Routine check reveals a level "too minute to cause harm"
By: Jake Uitti
A routine environmental health and safety check this week of materials used in one of Princeton University’s physics laboratories showed a leak of a small amount of radiation.
Tests showed that the leak was "too minute to cause harm," according to a university news release. The university said its Office of Environmental Health and Safety found no signs of contamination Tuesday in the public hallways, offices or other spaces outside a lab where a hole was found in a foil seal of a radioactive isotope, strontium-90.
"We have taken our other test sources out of service until we have had a chance to conclude our investigation," said Professor Daniel Marlow, chairman of the physics department. "The benefit here is that the problem was detected by routine safety checks, and so the spread of the material was minimal."

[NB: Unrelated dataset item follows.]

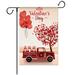 Valentine Flag Valentine s Day Decoration Linen Valentine s Day Garden Flag Double Sided Printed Yard Decorations Valentine House Flags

University safety specialists conducting a semiannual inspection of the test sources in a room on the third floor of Jadwin Hall on Monday found a broken seal on one of the sources, officials said, prompting tests of the room and the surrounding area Monday and Tuesday. The university said there are no signs of any ill effects experienced by the researcher who was using the test source.
Traces of contamination found on experimental surfaces in the laboratory where the test source was stored were small enough to be cleaned with traditional cleaning solutions, health specialists said.
Cleaning materials were disposed of in special waste containers, university officials noted. All of the estimated 300 university faculty, staff and students who work in Jadwin Hall were notified of the leak Tuesday.
University spokeswoman Cass Cliatt said university officials got in touch with the federal Nuclear Regulatory Commission as a requirement. Due to the small size of the leak, she said, no outside officials have been brought in to conduct any cleanup efforts.